How many of you still aren't breathing because that word audit was mentioned a few paragraphs ago? Relax. You can take steps to minimize your chances of an audit and to minimize the pain such an audit would otherwise cause. Making sure that you have proof, as discussed earlier, is just one way of protecting your home business deduction. But there are some other ways:

  • Hire a good accountant. As you may have realized, taxes can be complex for a home business, particularly if you're a homeowner. The more complex your taxes, the more you should consider hiring a good accountant, whose full-time job is to make his or her way through the intricate web known as the tax code.
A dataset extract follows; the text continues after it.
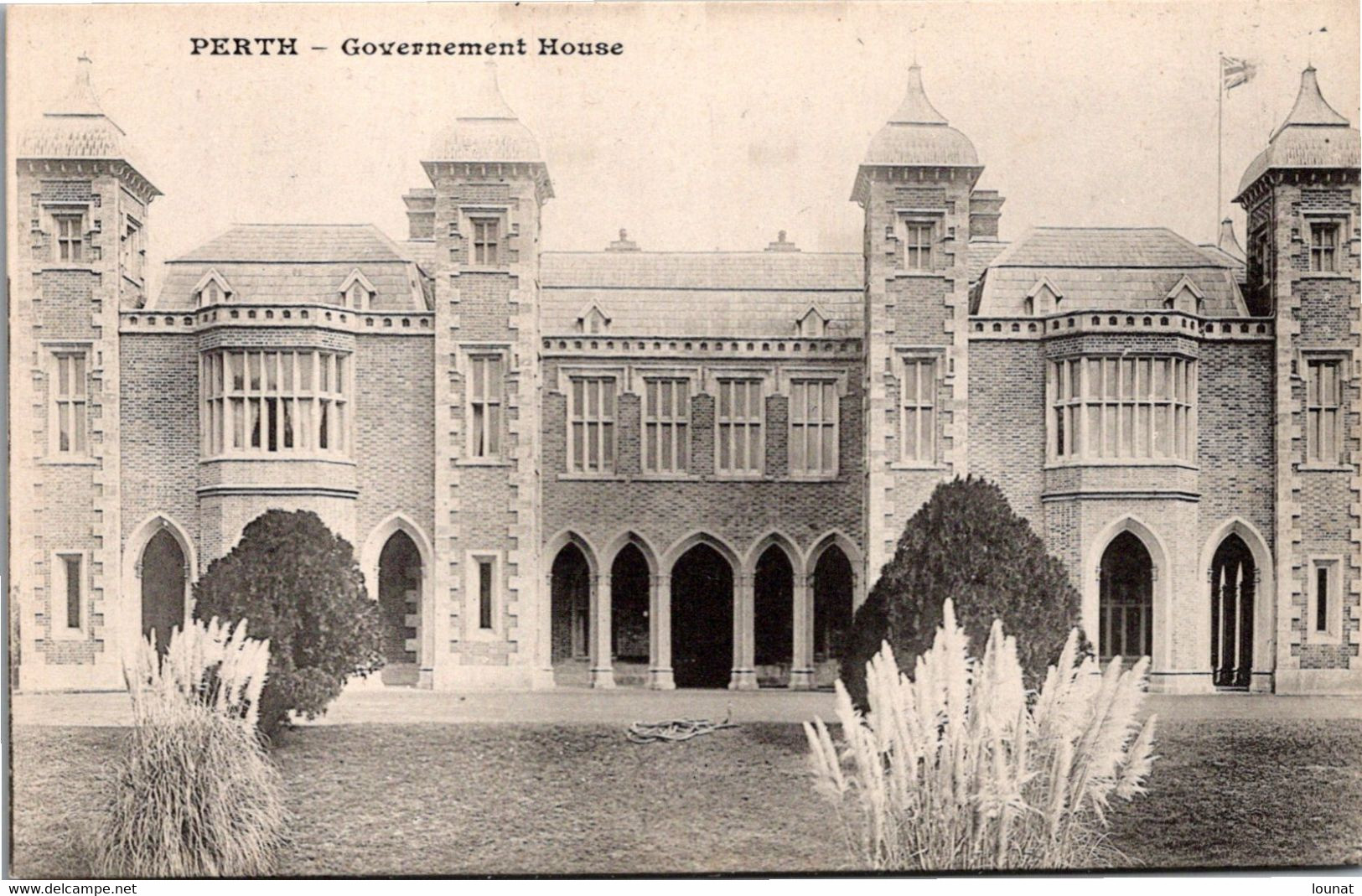 PERTH - Governement House - Perth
In addition to her own CPA work, Forman says, "I spend more than 80 hours a year in classes." Think about it—Forman is already well-versed in "everything taxes," and yet she spends at least an additional two weeks a year learning the latest tax law changes and implications of tax-related decisions.

  • Drop the idea that your taxes are just like everyone else's. Our current tax laws are quite nuanced, so the chances are very unlikely that your Uncle Eddie's home-repair shop has all of the same tax issues as your own home-based graphic-design studio. Even if you and your uncle were in the same business, such issues as who owns your home, how it's owned, marital status, family structure, and whether anyone else in your household participates in your business will all have an impact on your taxes.
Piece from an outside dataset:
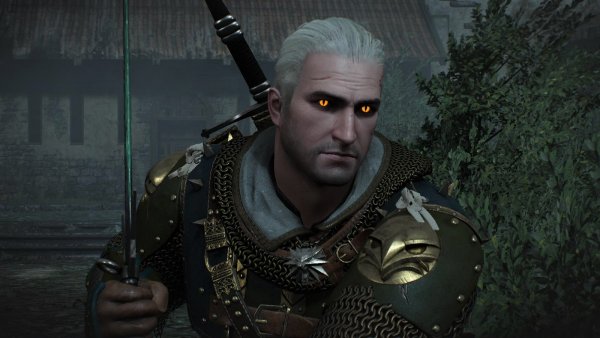 ГЕРАЛЬТ.. Ведьмак III (сборка Торна)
  • Sorry, TurboTax may not be for you. Just as I encouraged you to let go of the 1040EZ, consider dropping canned tax-preparation software, which can cause your return to be flagged for an audit if you also have a fairly complex return (such as one involving a home business). Why? Forman explains, "Many people don't understand the tax law well enough to use the program correctly." The IRS is aware of this problem, and looks closely at very complex, involved returns done with software usually meant to handle more standard returns.

  • Understand the difference between capitalizing and expensing. Simply put, capitalizing means considering the cost as a long-term investment, as opposed to a short-term expense. For instance, your home isn't written off as a one-time expense, but is considered a capital investment. Forman says that business owners sometimes expense items they should be capitalizing, drawing questions from the IRS. "For example, they may take a franchise fee of $20,000 and try to expense it. That should be capitalized," she explains.

  • Acknowledge that the IRS knows when something looks odd. Forman comments, "The IRS will flag a return if something is out of whack or unusual. If 50% of your home is claimed as a home office, that might flag the return." That doesn't mean there aren't instances in which 50% of a home is used as a home office—but if you fall into that category, keep excellent records. And if you don't fall into that category, don't be greedy.

  • Don't fall for the too-good deal. You've probably seen the ads: Deduct your entire vacation, your kids' school supplies, your weekly groceries, and so on. Don't believe it, and don't base your tax return on such bogus advice. "There's a lot of abusive stuff out there, and the IRS shuts them down all the time," Forman explains. Vacations are usually not considered a legitimate business expense, for instance. "If you're taking a class while on vacation, keep track of how long you were in class as opposed to vacationing with your family" There may be some portion you can deduct.

  • Remember that your accountant is not a lawyer. "Our confidentiality is very limited and is only in terms of tax advice," Forman says. So if your tax issues are going to raise legal questions, such as the appearance of money laundering or insider trading, head right for an attorney. (Or better yet, stick to honest work.)